After graduating, she married the mathematician and astronomer Salih Zeki Bey, with whom she had two sons. She continued her intellectual activities, however, and in 1908 began writing articles on education and on the status of women for Tevfik Fikret's newspaper Tanin. She published her first novel, Seviye Talip, in 1909. Because of her articles on education, the education ministry hired her to reform girls' schools in Constantinople. She worked with Nakiye Hanım on curriculum and pedagogy changes and also taught pedagogy, ethics, and history in various schools. She resigned over a disagreement with ministry concerning mosque schools.

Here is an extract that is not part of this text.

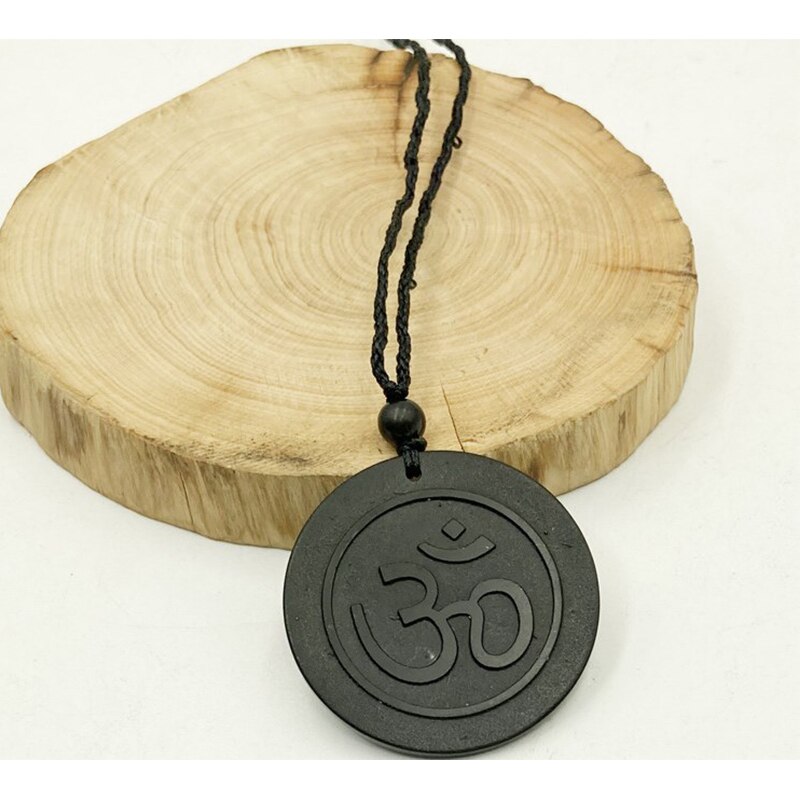 Russische Natuurlijke Authentieke Shungite Hanger Steen Emf Neutraliserend Shungite Ketting Sieraden Anti Stralingsbescherming 5G Blocker: OM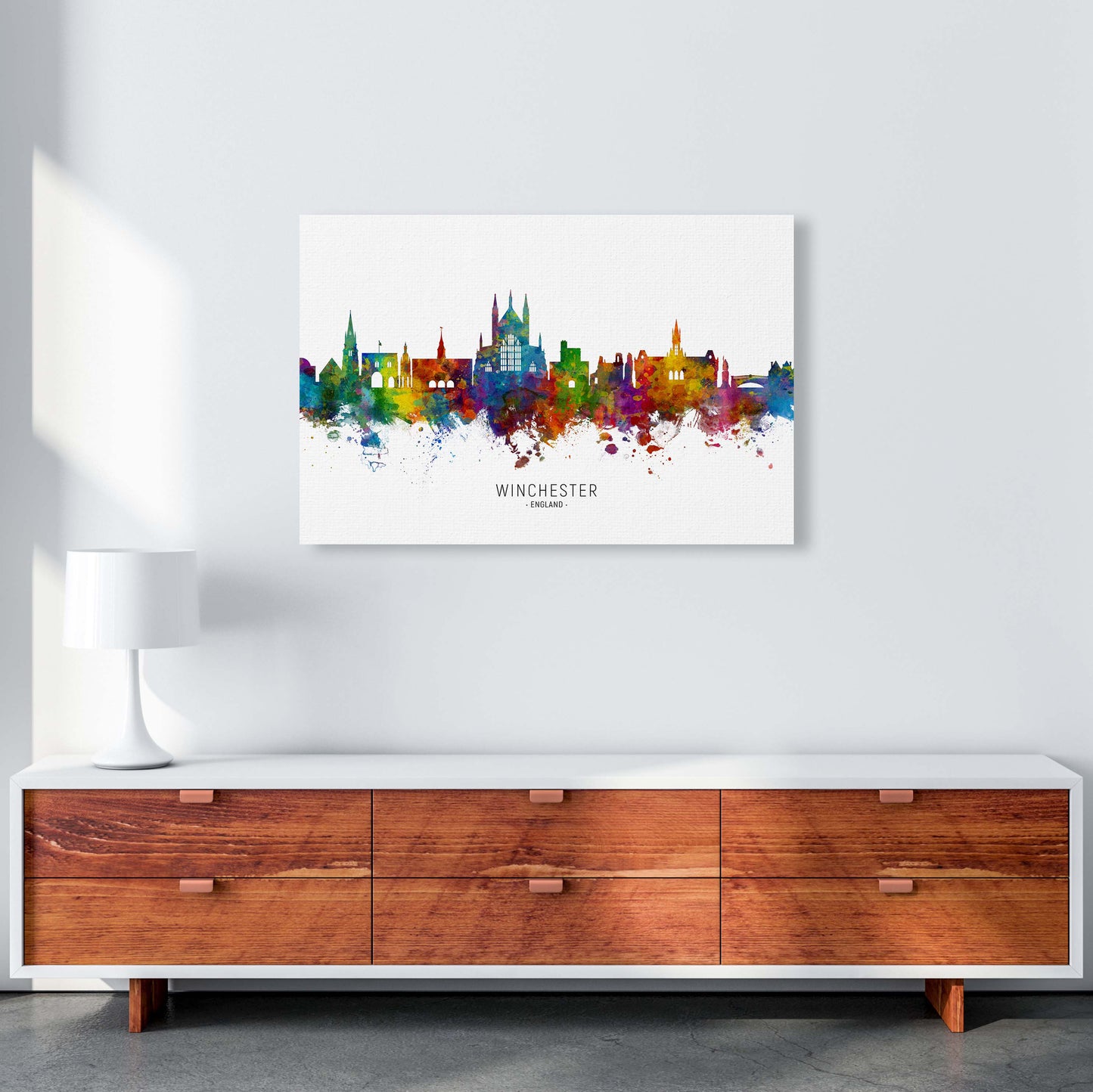 Winchester England Skyline Art Print by Michael Tompsett A1 Canvas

She received a divorce from Salih Zeki in 1910. Her house became an intellectual salon, especially for those interested in new concepts of Turkishness. She became involved with the Turkish Hearth (Türk Ocağı) in 1911 and became the first female member in 1912. She was also a founder of the Elevation of Women (Taali-i Nisvan) organization.

After the defeat of the Ottoman Empire in World War I, British troops occupied Constantinople and allies occupied various parts of the empire. Mustafa Kemal (later Atatürk) began organizing resistance to the occupation. Halide Edip gained a reputation in Constantinople as a "firebrand and a dangerous agitator." The British tried to exile her and several other leaders to Malta in March 1920.

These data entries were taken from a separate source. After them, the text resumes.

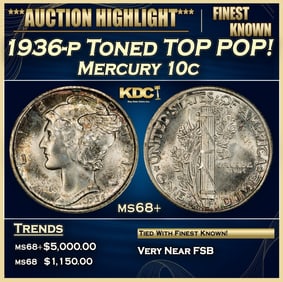 1936-p Mercury Dime Toned TOP POP! 10c ms68+ SEGS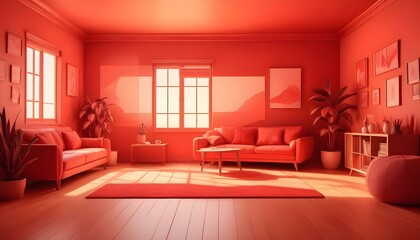 Fototapeta premium Photo interior modern design room 3d illustration;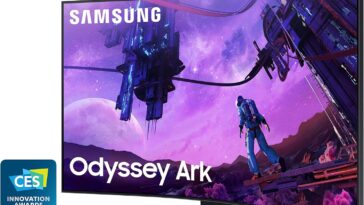 Samsung Odyssey Ark LS55BG970NUXXU gaming monitor with ultra wide screen and advanced features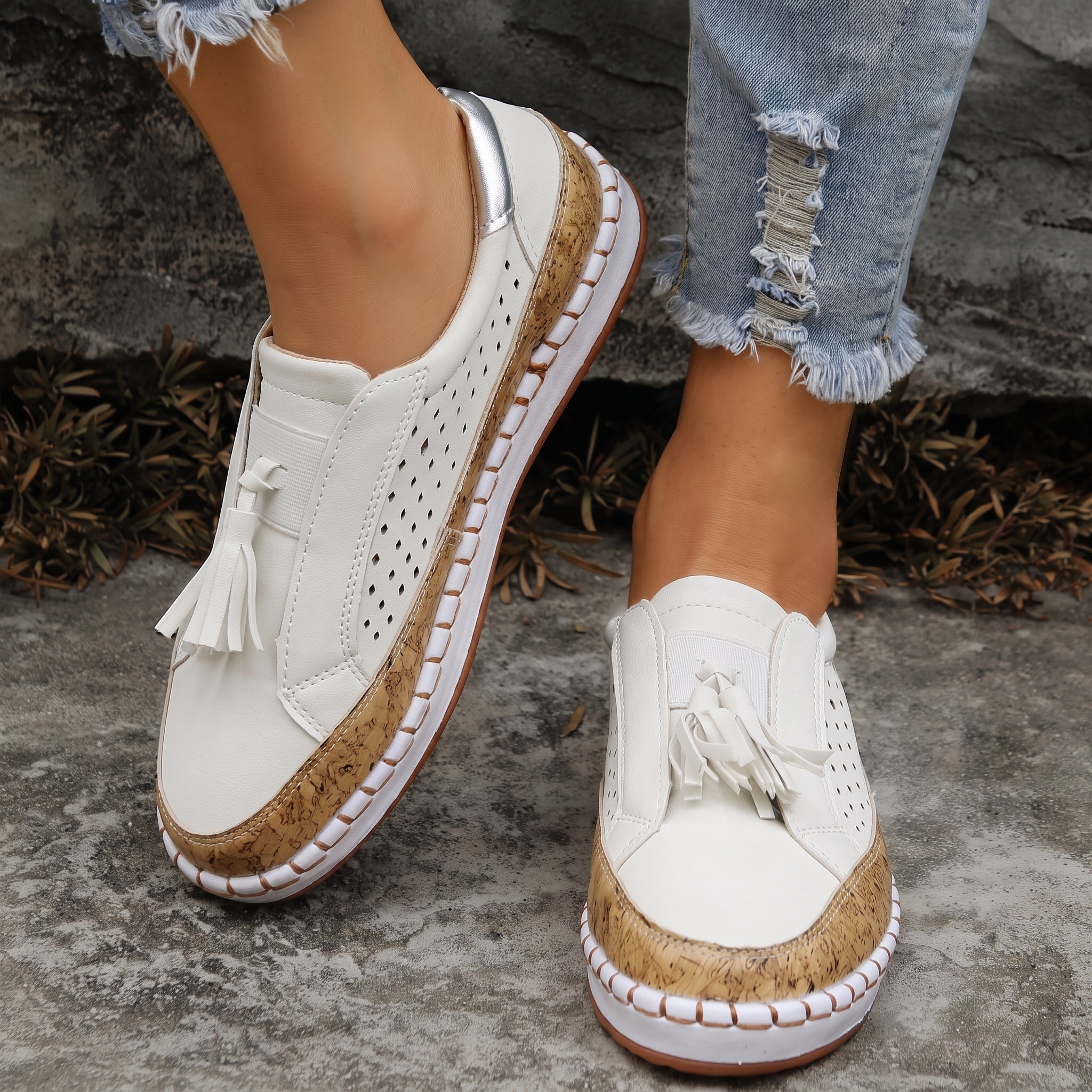 Alice - Women's Orthopaedic Slip-On Trainers with Tassel Detail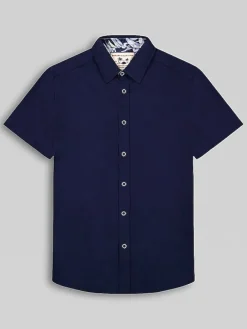 Button Up Shirts|Casual Shirts-Report Collection Modern Fit Solid Linen Blend Button Up Shirt Light Blue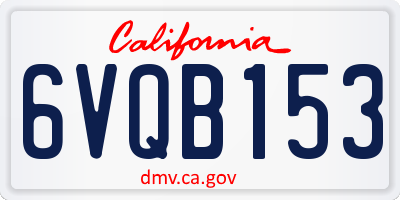 CA license plate 6VQB153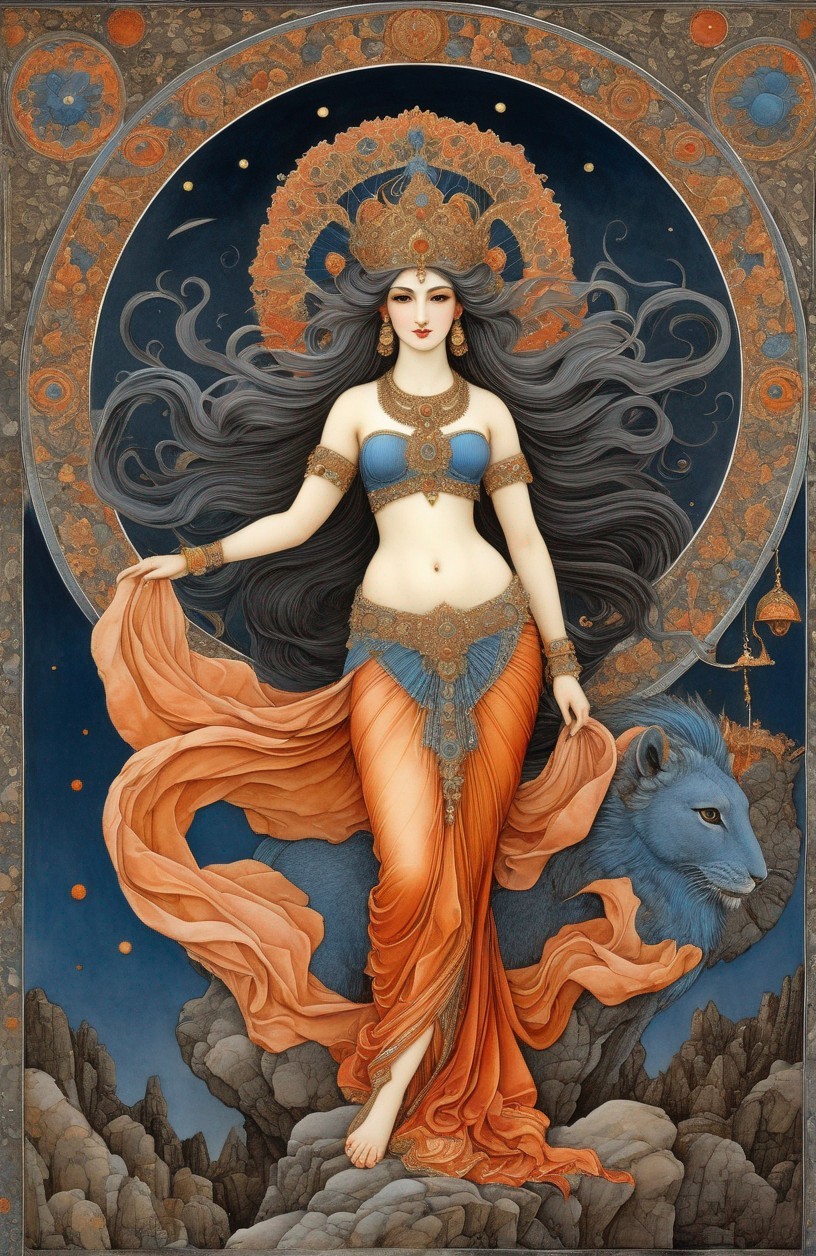 Illustration of Woman in Ornate Attire with Blue Wolf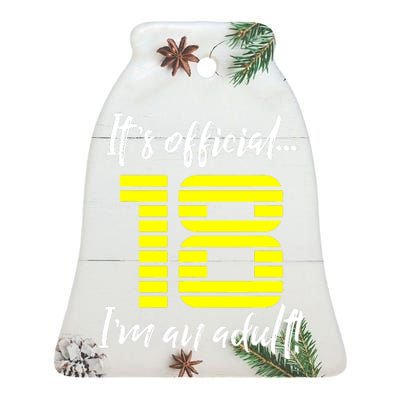 18th Birthday Ceramic Bell Ornament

After the end of World War I she and her husband traveled to Anatolia to fight in the War of Independence; she served first as a corporal and then as a sergeant in the nationalist military.

In 1926, Halide Edip and many associates were unjustly accused of treason. She and her husband escaped to Europe. They lived in the French Third Republic and the United Kingdom from 1926 to 1939. Halide Edip traveled widely, teaching and lecturing repeatedly in the United States and in British Raj India. After returning to Turkey in 1939, she became a professor in English literature at the Faculty of Letters in Istanbul. In 1950, she was elected to Parliament, resigning in 1954; this was the only formal political position she ever held.